Information supplied →
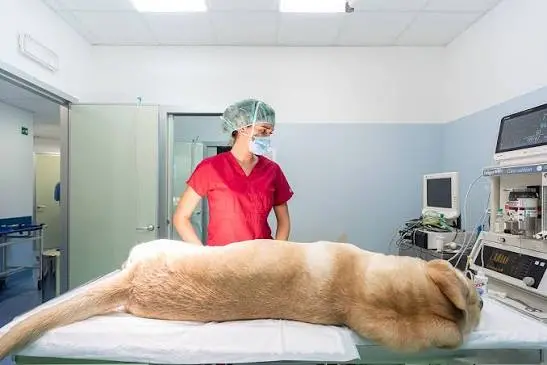 Mancini propone un ospedale veterinario comunale: «Curare gli animali non deve essere un lusso»\n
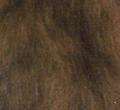 Persiano blu-crema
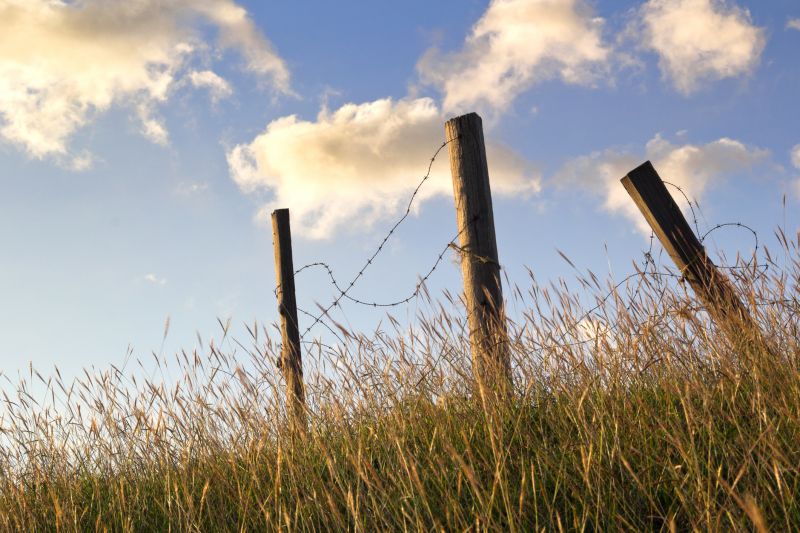Barb Wire Fencing Repair detail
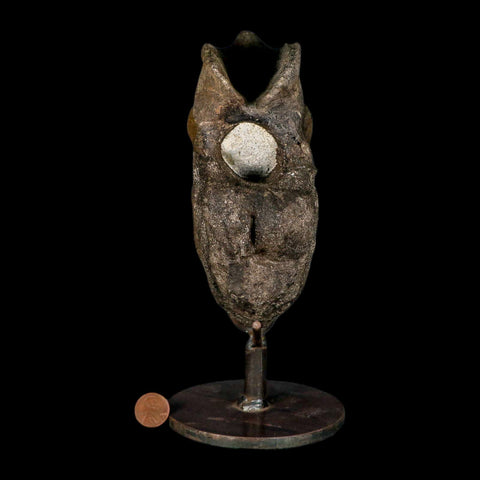 6.2" Hypacrosaurus Dinosaur Fossil Vertebrae Two Medicine FM Montana COA Stand - Fossil Age Minerals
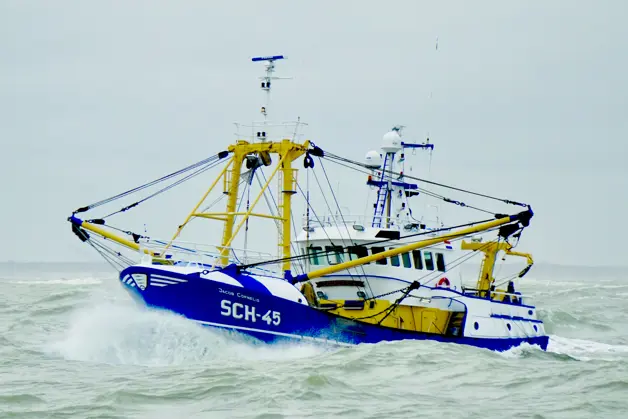 Schip Naar Schap Stap 2 Stomen Naar De Visgronden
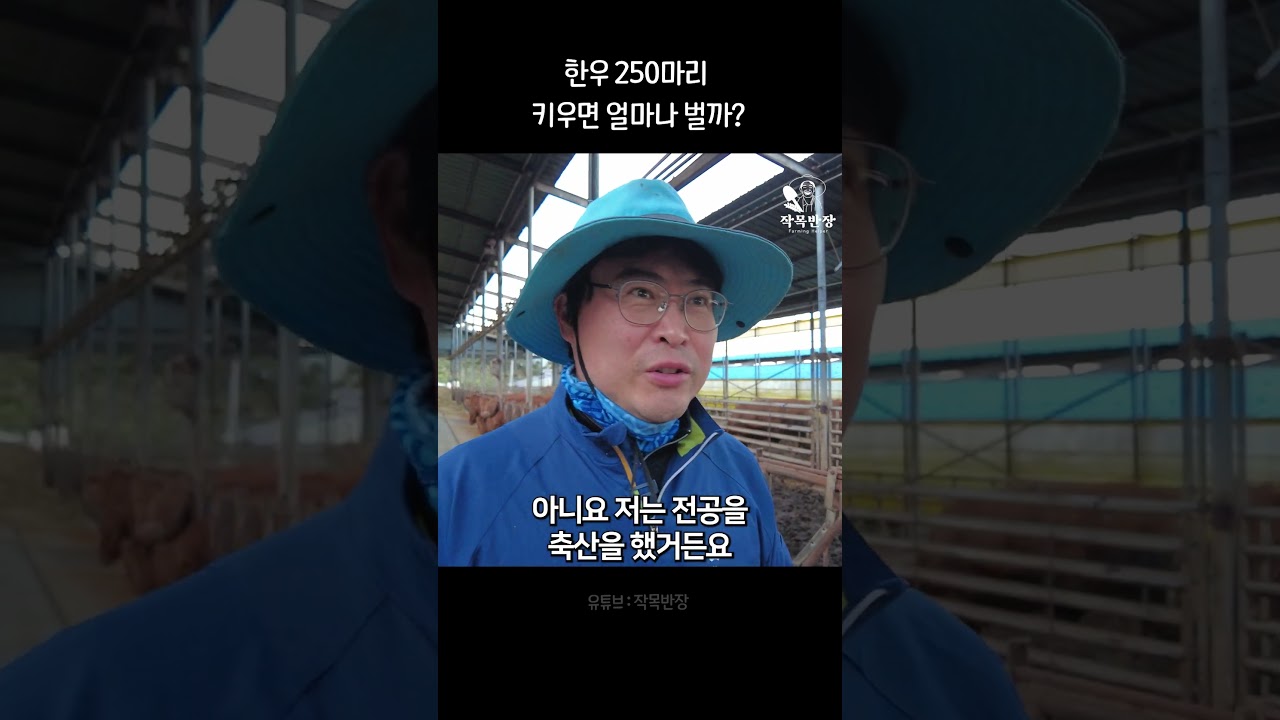 한우 250마리 키우면 얼마 벌까?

Exercise directions →
In the records above, find the line that contains "Persiano blu-crema". Retype it and every line after it, exactly, leaving out all pictures.

Written response →
 Persiano blu-crema
Barb Wire Fencing Repair detail
 6.2" Hypacrosaurus Dinosaur Fossil Vertebrae Two Medicine FM Montana COA Stand - Fossil Age Minerals
 Schip Naar Schap Stap 2 Stomen Naar De Visgronden
 한우 250마리 키우면 얼마 벌까?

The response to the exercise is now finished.